====== RECORDS FOR THIS TASK
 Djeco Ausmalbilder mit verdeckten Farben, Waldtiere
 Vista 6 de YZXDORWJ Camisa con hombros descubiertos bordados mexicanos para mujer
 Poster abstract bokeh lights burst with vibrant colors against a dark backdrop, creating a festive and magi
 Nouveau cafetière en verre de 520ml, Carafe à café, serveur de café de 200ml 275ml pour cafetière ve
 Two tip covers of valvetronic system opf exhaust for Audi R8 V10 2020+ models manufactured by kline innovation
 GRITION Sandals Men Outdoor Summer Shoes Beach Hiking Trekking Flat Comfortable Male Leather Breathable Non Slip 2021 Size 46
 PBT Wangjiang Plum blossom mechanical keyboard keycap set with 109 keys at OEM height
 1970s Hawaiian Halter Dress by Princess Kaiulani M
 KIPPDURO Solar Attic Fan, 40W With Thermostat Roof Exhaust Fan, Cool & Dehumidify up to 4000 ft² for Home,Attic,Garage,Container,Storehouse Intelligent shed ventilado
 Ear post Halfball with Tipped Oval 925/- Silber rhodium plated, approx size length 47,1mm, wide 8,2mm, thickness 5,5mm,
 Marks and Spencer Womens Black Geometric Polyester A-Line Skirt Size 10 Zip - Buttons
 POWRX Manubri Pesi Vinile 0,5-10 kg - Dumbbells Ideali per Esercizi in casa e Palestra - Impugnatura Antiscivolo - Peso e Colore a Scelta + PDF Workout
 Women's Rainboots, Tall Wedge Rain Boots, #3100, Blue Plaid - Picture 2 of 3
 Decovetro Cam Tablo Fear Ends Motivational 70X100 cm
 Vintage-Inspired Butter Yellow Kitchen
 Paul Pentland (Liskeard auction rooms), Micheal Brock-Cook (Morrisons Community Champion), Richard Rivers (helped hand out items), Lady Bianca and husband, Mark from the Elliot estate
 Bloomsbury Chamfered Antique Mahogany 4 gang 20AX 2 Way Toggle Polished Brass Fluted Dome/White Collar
============
:: EXERCISE REQUIREMENTS ::
From the line holding "Two tip covers" to the line holding "1970s Hawaiian Halter", inclusive, restate each line above exactly as written.

:: RESPONSE BELOW ::
 Two tip covers of valvetronic system opf exhaust for Audi R8 V10 2020+ models manufactured by kline innovation
 GRITION Sandals Men Outdoor Summer Shoes Beach Hiking Trekking Flat Comfortable Male Leather Breathable Non Slip 2021 Size 46
 PBT Wangjiang Plum blossom mechanical keyboard keycap set with 109 keys at OEM height
 1970s Hawaiian Halter Dress by Princess Kaiulani M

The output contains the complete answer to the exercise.